The concurrency cap is taken from network policy. The default value of max_concurrent_download_jobs is 2, which is intentionally conservative: most upstream providers prefer a few well-paced clients over many aggressive ones.
Status Values
The vault recognizes a small, fixed set of statuses for download and export jobs.
Transitional States
A job is in a transitional state when something is actively happening or being requested:
queued: the job has been created and is waiting for an execution slot;running: a worker thread is actively processing the job;cancelling: the user requested cancellation while the job was running and the worker is winding down;pausing: the user requested a pause and the worker is winding down to a paused state.
Terminal States
Terminal states describe a job that is no longer doing work:
paused: the worker stopped at a clean point and the job can be resumed later;cancelled: the worker stopped after a cancel request and the job will not resume automatically;completed: the job finished successfully;error: the job stopped because of an error, and the failure reason is recorded inerror_message.
The vault enforces terminality. Once a row is in paused, cancelled, completed, or error, transitional updates that would overwrite that state are ignored. This prevents late worker callbacks from undoing a user-driven decision.

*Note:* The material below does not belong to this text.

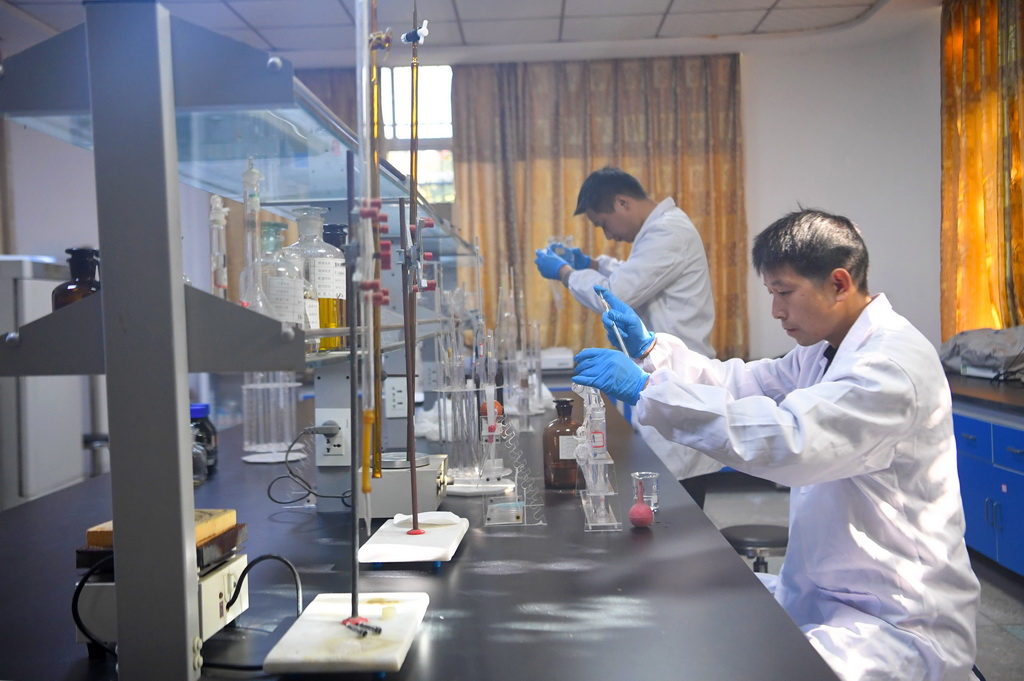 11月28日，在南陽市生態環境局淅川分局環境監測站，工作人員在進行水質監測。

Lifecycle Of A Download Job
A typical download job goes through this sequence.
- The route layer calls into the job manager to enqueue the job. A row is created in
download_jobswith statusqueuedand ajob_originsuch aslibrary_download. - When a slot frees up, the job is promoted to
running,started_atis set, and the worker thread starts acquiring pages. - Pages are written to a staging area first. They are validated as image files before being considered acceptable for promotion.
- As the worker progresses,
current_pageandtotal_pagesare updated. - On a clean finish, the job moves to
completed,finished_atis recorded, and validated pages are promoted into the local scan set according to the configured promotion policy. - On a fatal error, the job moves to
errorand the failure reason is stored. - If the user pauses or cancels, the worker first goes through
pausingorcancelling, then settles into the corresponding terminal state.

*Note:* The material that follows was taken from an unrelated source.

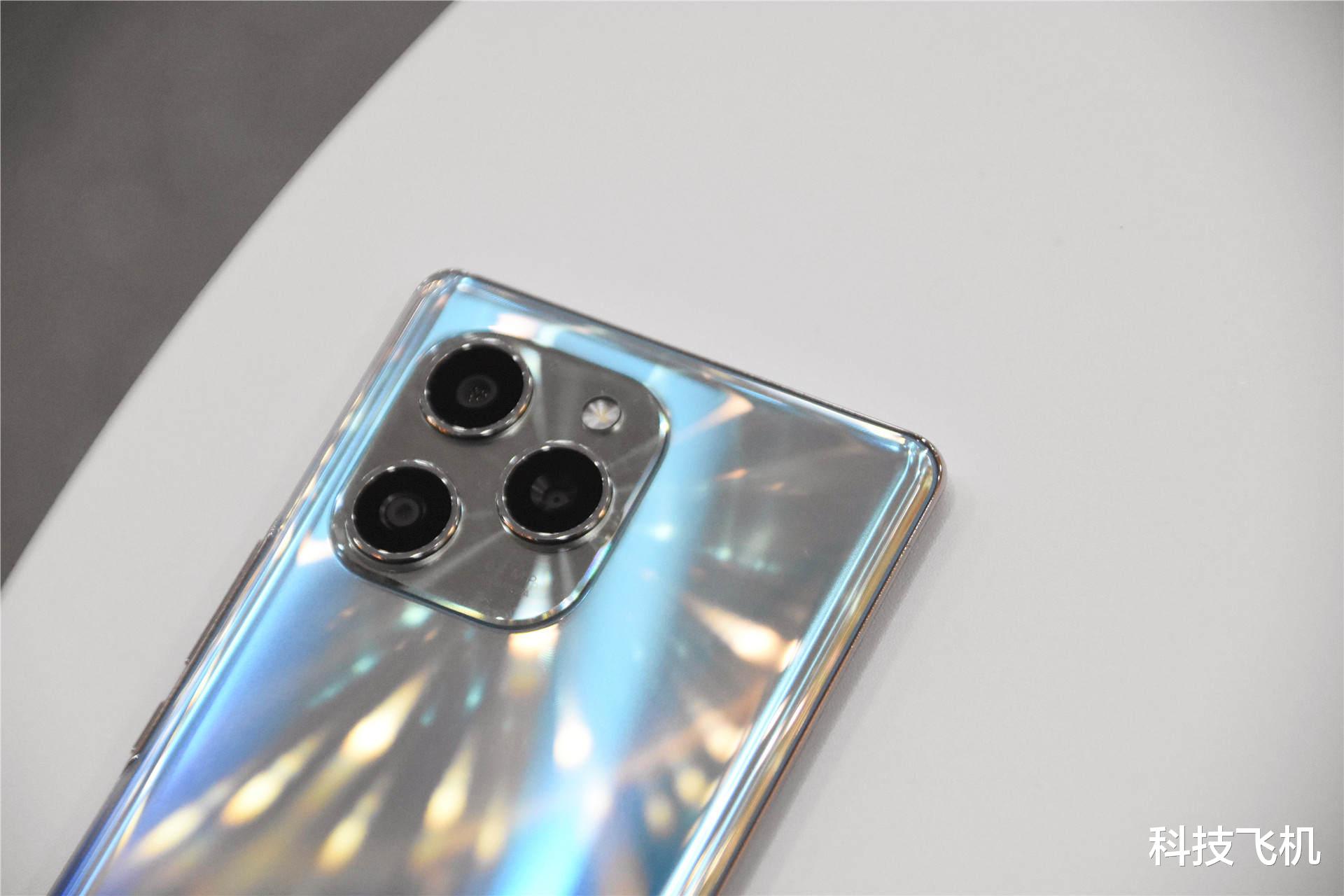 荣耀|同价位天花板配置，120Hz高刷曲面屏，或成为开年最好看的机器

The pause and cancel transitions exist as their own states because the worker cannot stop instantaneously. Acknowledging the request and the actual stop are different events, and the lifecycle reflects that.

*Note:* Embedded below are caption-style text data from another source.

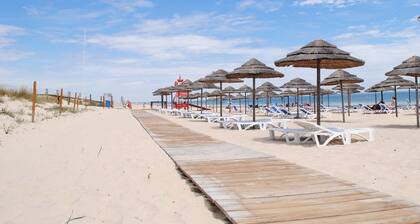 Apartment 'Vila Nova De Cacela' with Wi-Fi and Air Conditioning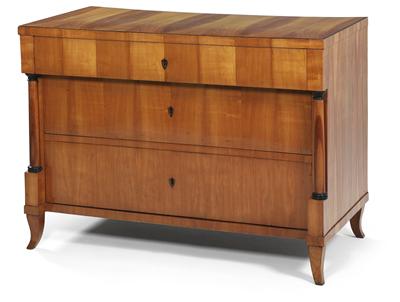 Biedermeier Kirschkommode, - Möbel, Teppiche und dekorative Kunst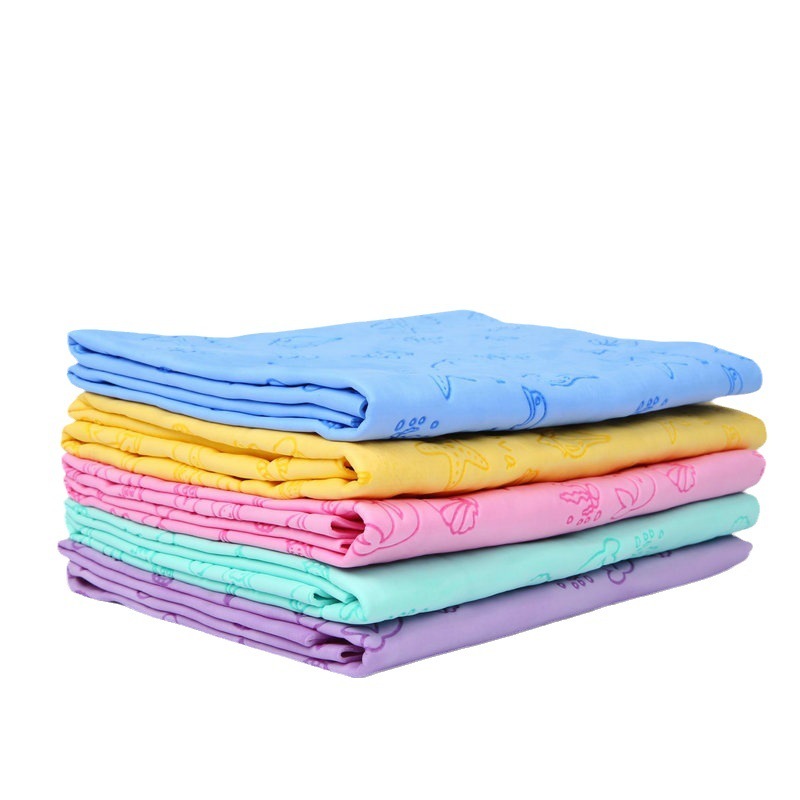 Embossed 17x13 Inch PVA Cloth Super Absorbent Bagged Chamois Towel For Cleaning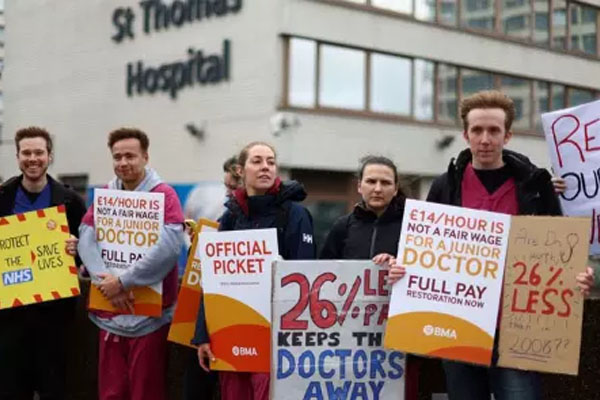பிரிட்டனில் மருத்துவர்களுக்கு சம்பள உயர்வு | Salary Hike For Doctors In Uk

Why Staging Comes Before Promotion
Staged pages are not the same thing as local scans. The job writes to a temporary directory under the configured temp root, validates each image, and only moves the result into the manuscript's scans/ directory once promotion is allowed.
The promotion policy is governed by the storage.partial_promotion_mode setting:
never: only fully completed runs promote staged pages intoscans/;on_pause: a clean pause also promotes the staged pages it managed to validate.
This separation is what allows partial work to survive a restart without polluting the local scan set with half-validated images. It is also what lets Retry missing and Retry range make sense as targeted operations rather than always implying a full redownload.
Resume Safety
Resume is a first-class operation, not a side effect. When a paused or interrupted job is resumed, the manager:
- reuses the existing vault row instead of creating a duplicate;
- skips pages that already exist in the staging or scan directory;
- continues acquisition from where the previous run stopped;
- transitions the row back through
queuedandrunninglike any new job.
This is why Library exposes Retry missing and Retry range separately from Download full: they all rely on the same resume-safe job model, but they scope the work differently.
Export Jobs
Export jobs follow the same overall lifecycle but live in their own job records and run through the export service. Each export job stores scope type, document ids, library identity, export format, output kind, page-selection mode, destination, progress counters, the final output path, and any terminal error.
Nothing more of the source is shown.